In laatstgenoemd jaar tot het ambtelooze leven teruggekeerd, schreef de buitengewoon bekwame en werkzame man meer dan één zeer gewaardeerd werk over het belastingwezen in ons land. Wij noemen: De rijks- en gemeentebelastingen in Nederland (1891) en het onder zijn redactie staande Staatkundig en staathuishoudkundig Weekblad Nederland (1892 e.v.). Voorts zijn Wetgeving op het recht van successie en van overgang bij overlijden (1886) en De wet op de vermogensbelasting (1893) en De wet ter belasting van bedrijfs- en andere inkomsten (1893), beide door hem toegelicht. Zijn woonplaats in den Haag gehouden hebbend, zag hij zich hier in 1892 tot lid van den gemeenteraad gekozen, terwijl de Senaat der utrechtsche hoogeschool hem honoris causa tot Jur. Utr. Dr. bevorderde. Ook tal van andere onderscheidingen vielen hem ten deel.
Van 9 Mei 1894 tot 26 Juli 97 was Sprenger v. Eyk minister van Financiën in 't kabinet Röell. Onder zijn Ieiding kwam toen onder meer een herziening van de Wet op de personeele belasting tot stand, alsmede een regeling op de suikerindustrie.

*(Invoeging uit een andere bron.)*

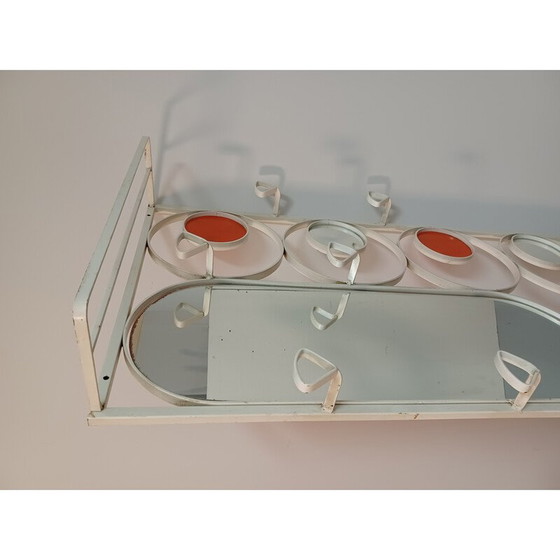 Image 1 of Vintage metal wall checkroom with mirror, 1970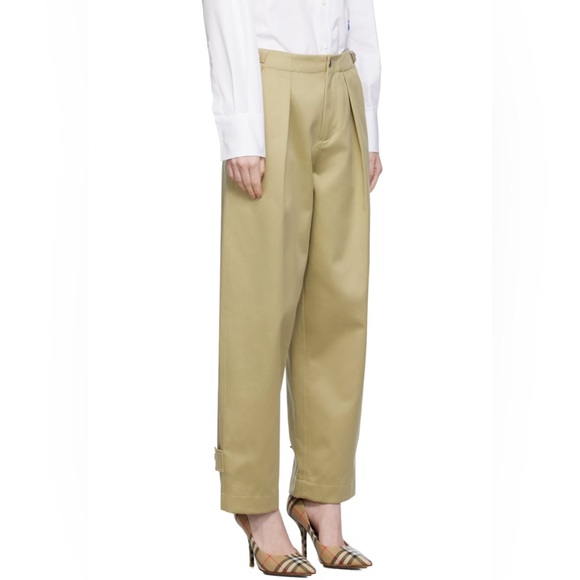 Burberry Khaki Pleated Trousers new without tags - Picture 7 of 8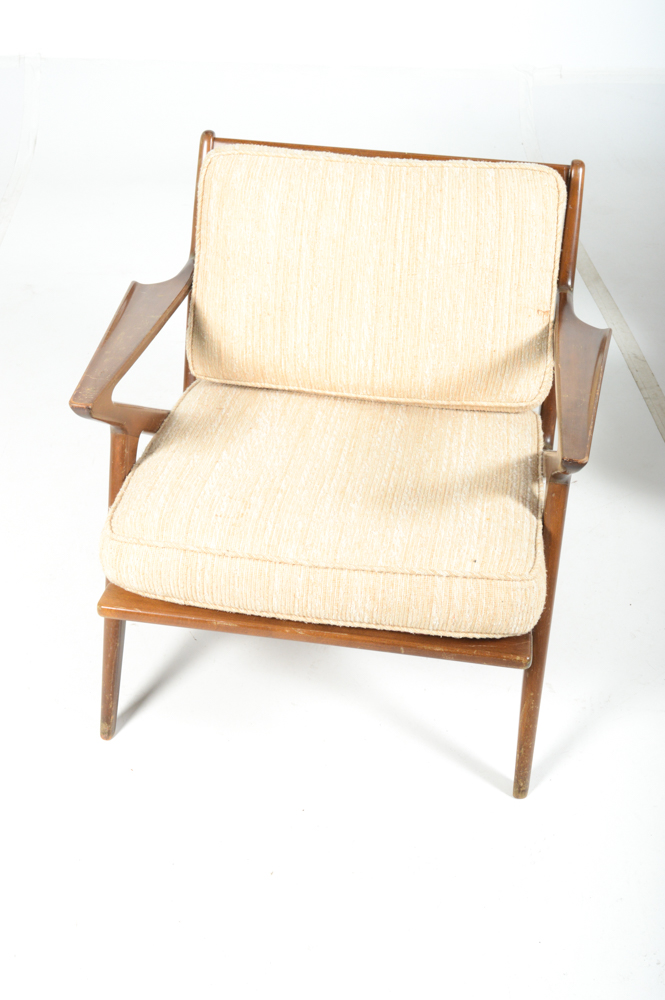 Poul Jensen Danish Modern Z Style Arm Chairs and Ottoman by Selig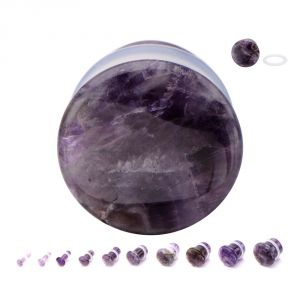 Amethyst Natural Stone Single Flare Plugs with Clear O Ring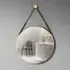 Round Hanging Mirror Adjustable - Gold, Metal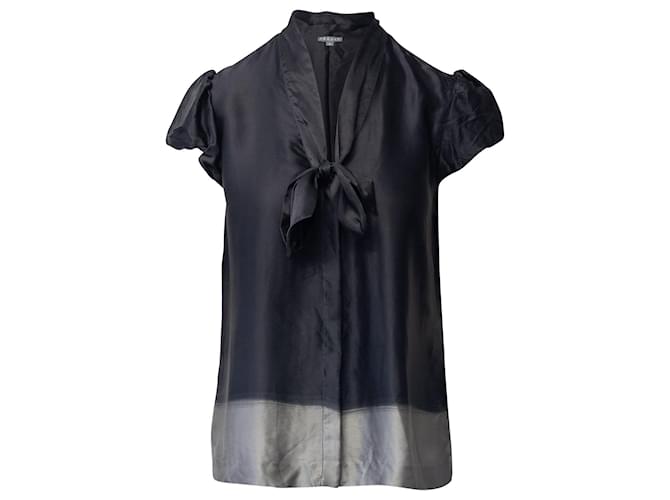 Theory Tie Front Blouse with Puff Sleeves in Grey Silk Multiple colors  ref.1298588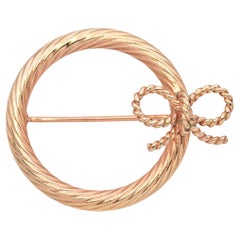 Vintage Tiffany & Co. 14k Yellow Gold Wreath with Bow Brooch Pin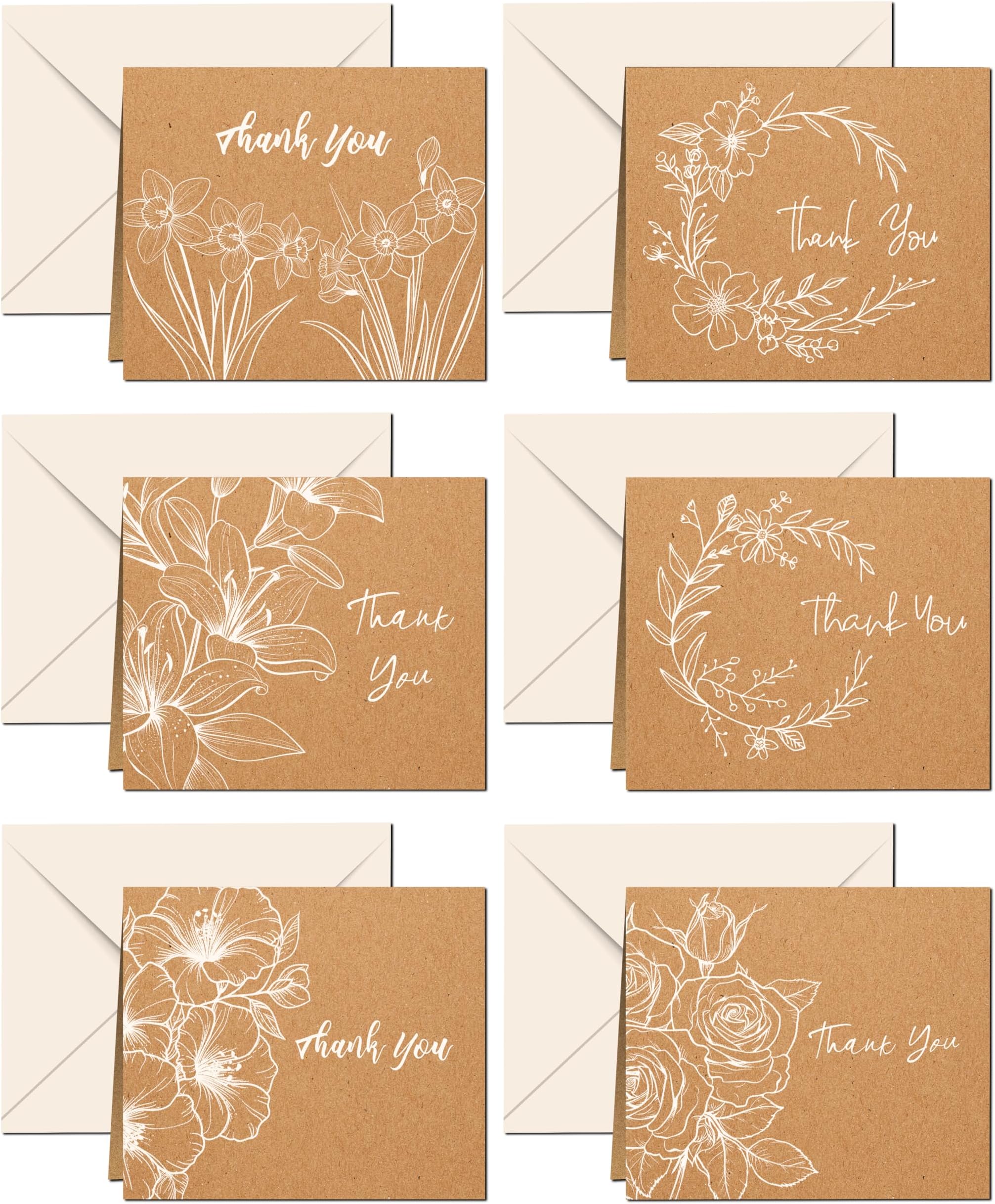 Giftinghouse 36 Thank You Cards Multipack with Envelopes Pack of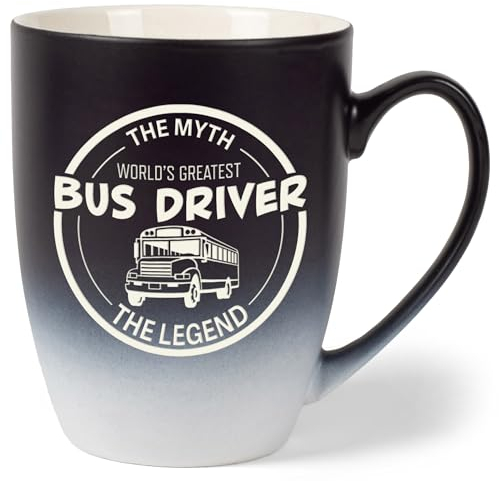 Elanze Designs Kaffeetasse aus Steingut mit Aufschrift Greatest Bus Driver, zweifarbig, matt, Schwarz und Weiß, 340 ml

1 Juli 1900 werd hij tot directeur-generaal der Staatsspoorweg-Maatschappij en tot directeur der Nederl. Centraal Spoorwegmaatschappij benoemd, als opvolger van J.C. Cluysenaer, die als zoodanig was afgetreden.
Zie: van Welderen Rengers, Schets Parlem. Gesch. Nederl., Register (1907), en Ising, In de Kamers der Staten-Generaal (1892), 193.